SMRs and AMRs

Monday, June 02, 2008

What Do You Call a Terror(Jihad)ist?

By P. W. SINGER and ELINA NOOR
NYT

IMAGINE if Franklin D. Roosevelt had taken to calling Adolf Hitler the “leader of the National Socialist Aryan patriots” or dubbed Japanese soldiers fighting in World War II as the “defenders of Greater East Asian Co-Prosperity Sphere.”

To describe the Nazis and the Imperial Japanese Army in terms that incorporated their own propaganda would have been self-defeating. Unfortunately, that is what many American policymakers have been doing by calling terrorists “jihadists” or “jihadis.”

While the State Department recently circulated an internal memo advising foreign service officers to avoid such terms, President Bush, Secretary of Defense Robert Gates and members of the news media continue to use them.

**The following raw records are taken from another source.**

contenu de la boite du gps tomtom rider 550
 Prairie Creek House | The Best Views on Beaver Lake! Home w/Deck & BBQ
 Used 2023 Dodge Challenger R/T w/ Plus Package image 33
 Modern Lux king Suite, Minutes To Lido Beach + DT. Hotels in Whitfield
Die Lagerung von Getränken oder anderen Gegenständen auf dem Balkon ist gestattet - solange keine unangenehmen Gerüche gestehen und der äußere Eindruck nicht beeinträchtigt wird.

The word “jihad” means to “strive” or “struggle,” and in the Muslim world it has traditionally been used in tandem with “fi sabilillah” (“in the path of God”). The term has long been taken to mean either a quest to find one’s faith or an external fight for justice. It makes sense, then, for terrorists to associate themselves with a term that has positive connotations. For the United States to support them in that effort, however, is a fundamental strategic mistake.